== Brief ==
Copy out exactly, and only, the lines from the one containing "Designer Raw Silk" through the end of the entries. No pictures.

== Provided data ==
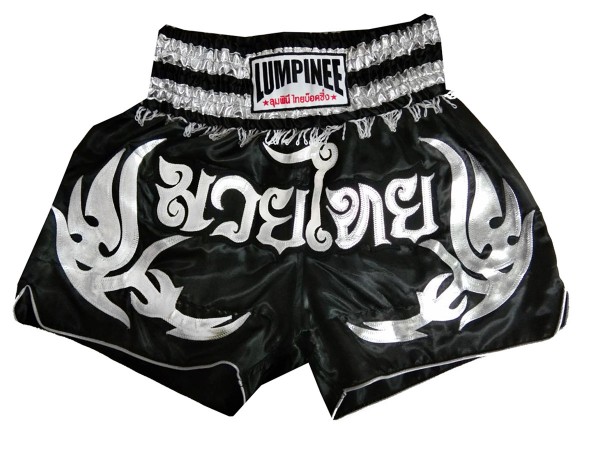 Pantalones Muay Thai Lumpinee : LUM-051-Negro-Oro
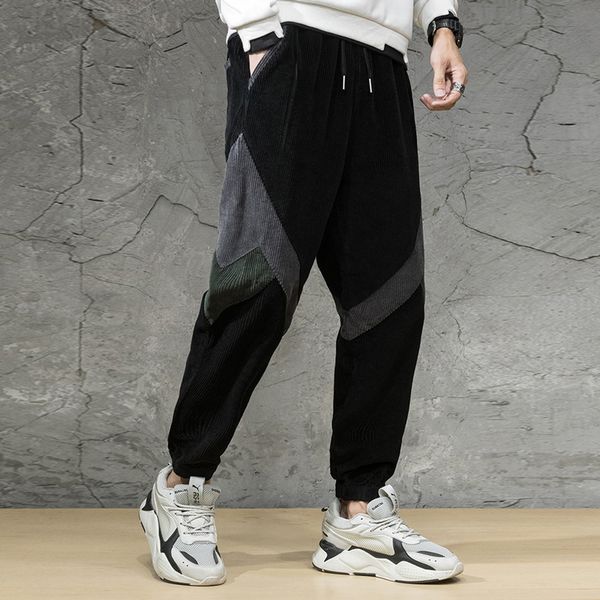 

2021 new autumn winter newly fashion men jeans loose fit casual corduroy pants streetwear designer hip hop wide leg trousers kz, Blue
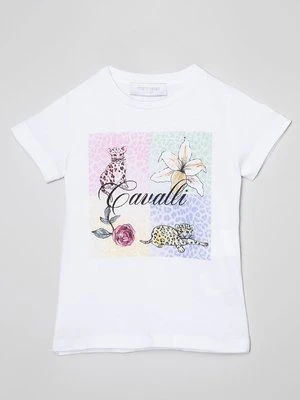 T-shirt z nadrukiem Roberto Cavalli Junior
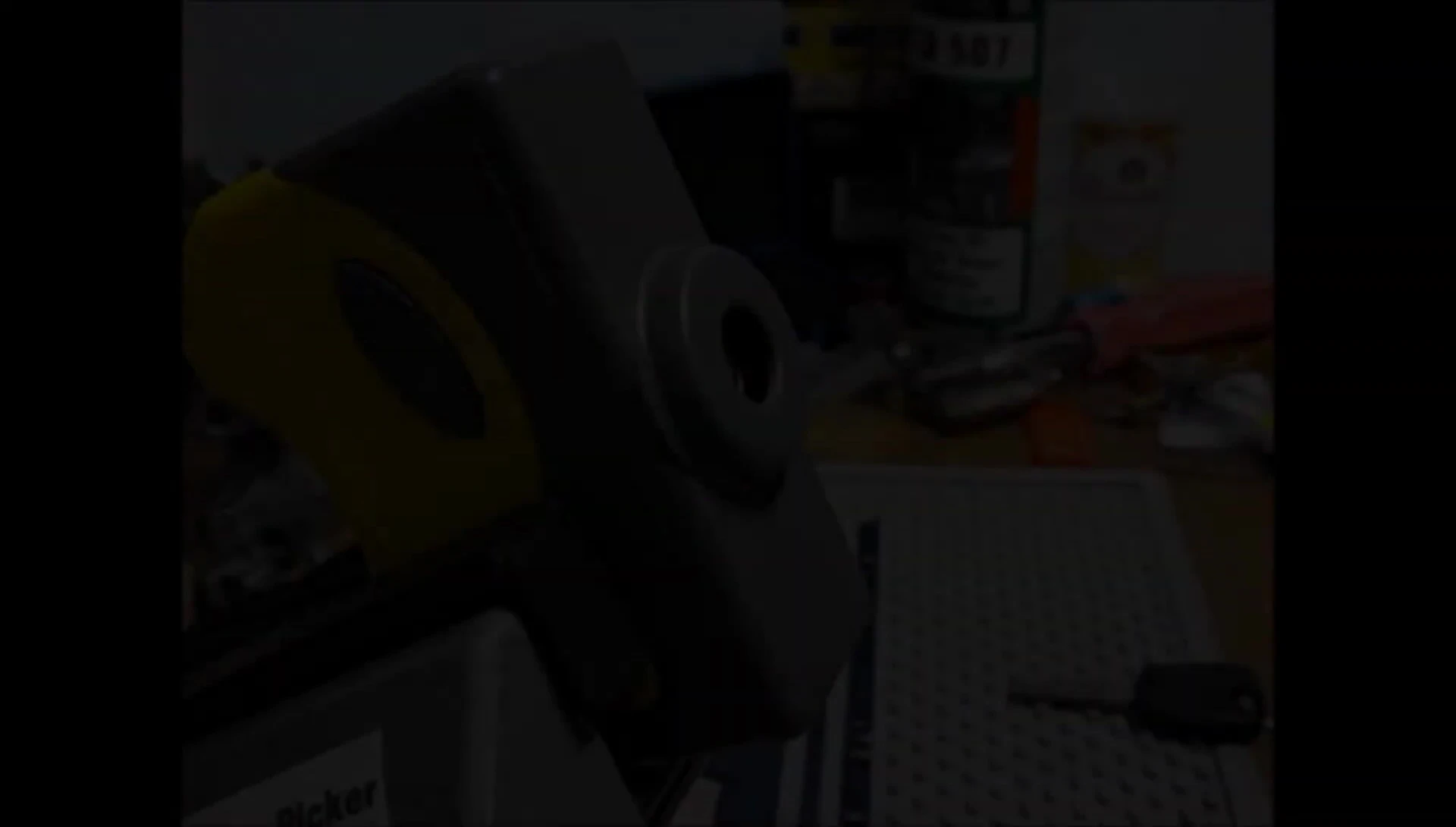 Lock picking setup with tension wrench and pick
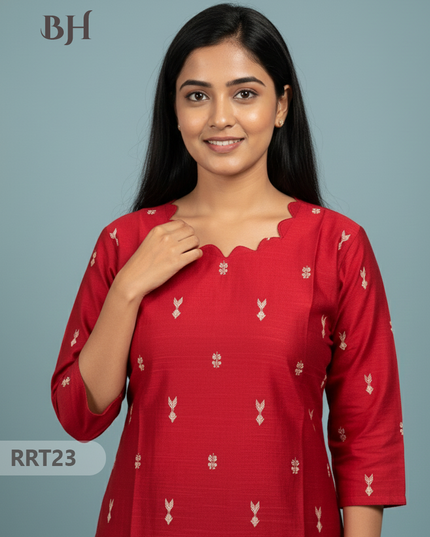Designer Raw Silk Straight Cut Top in Red | Cut Work Neck | Full-Length Lining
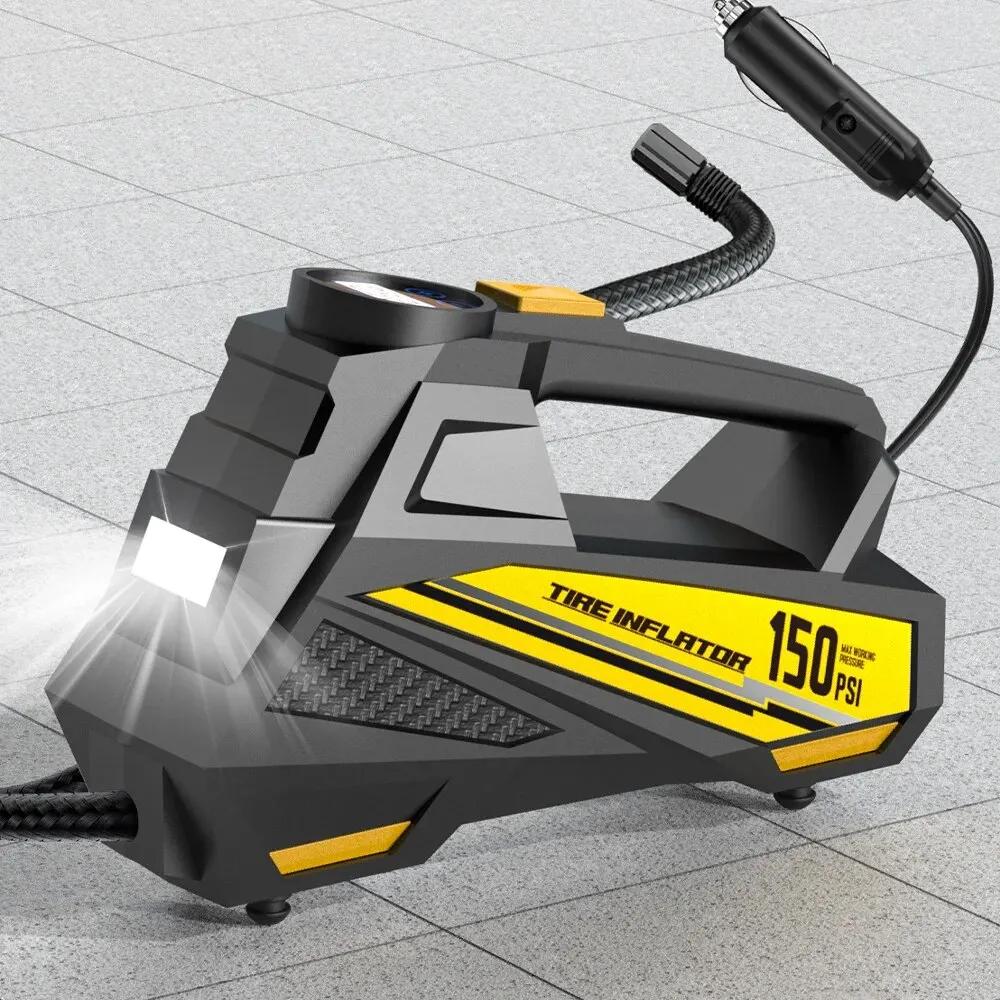 Bomba de ar portátil com fio Atualizado 12V 150PSI Bomba Inflator Pneus Elétricos Motocicleta Bola LED Light Car Air Compressor - Image 1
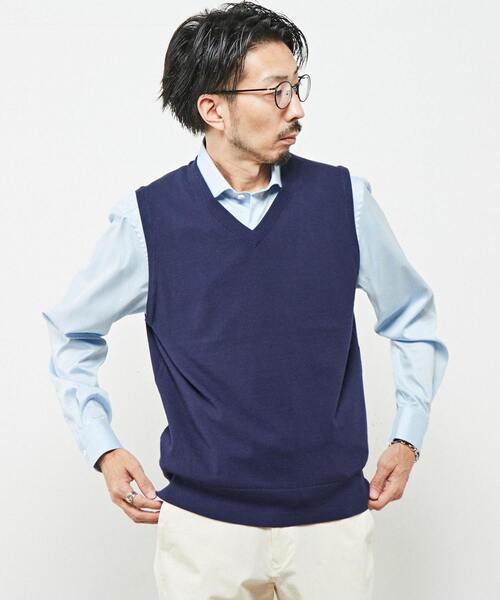 MEN'S MELROSE（メンズメルローズ）の「ウォッシャブルハイゲージニットベスト（ベスト・メンズ・ベージュ/ブラウン/グレー/ネイビー・3/4）」の5枚目の写真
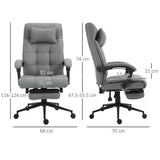 Ergonomic Office Chair Adjustable Height Rolling Swivel w/ Armrest Light Grey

== Answer ==
Designer Raw Silk Straight Cut Top in Red | Cut Work Neck | Full-Length Lining
 Bomba de ar portátil com fio Atualizado 12V 150PSI Bomba Inflator Pneus Elétricos Motocicleta Bola LED Light Car Air Compressor - Image 1
 MEN'S MELROSE（メンズメルローズ）の「ウォッシャブルハイゲージニットベスト（ベスト・メンズ・ベージュ/ブラウン/グレー/ネイビー・3/4）」の5枚目の写真
 Ergonomic Office Chair Adjustable Height Rolling Swivel w/ Armrest Light Grey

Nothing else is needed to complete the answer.